— REQUIRED WORK —
Return each line of the data below verbatim; pictures are to be left out.

— INFORMATION PROVIDED —
-------------------------

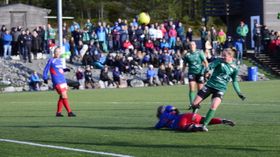 1-0: Miriam Mjåset har akkurat skote via ein tromsdalenspelar og kan berre nyta synet av ballen som dalar over ein utmanøvrert keeper.
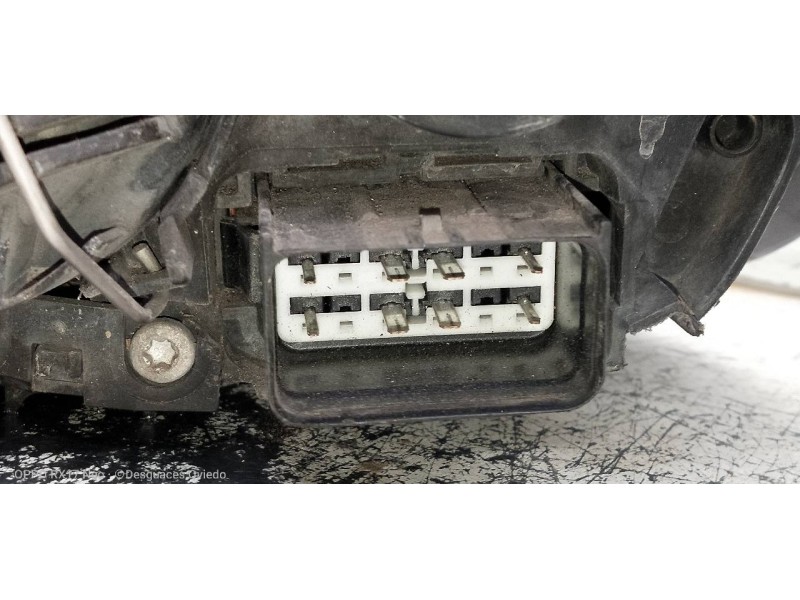 Recambio de faro derecho para volvo v50 familiar 2.0 d kinetic referencia OEM IAM 30678899 0301198202 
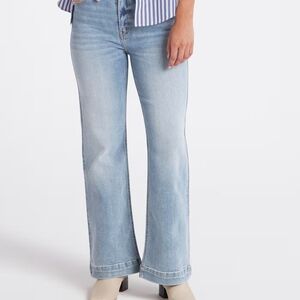 Kan Can
Holly High Rise Flare Jean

-------------------------

— SOLUTION BELOW —
 1-0: Miriam Mjåset har akkurat skote via ein tromsdalenspelar og kan berre nyta synet av ballen som dalar over ein utmanøvrert keeper.
 Recambio de faro derecho para volvo v50 familiar 2.0 d kinetic referencia OEM IAM 30678899 0301198202 
 Kan Can
Holly High Rise Flare Jean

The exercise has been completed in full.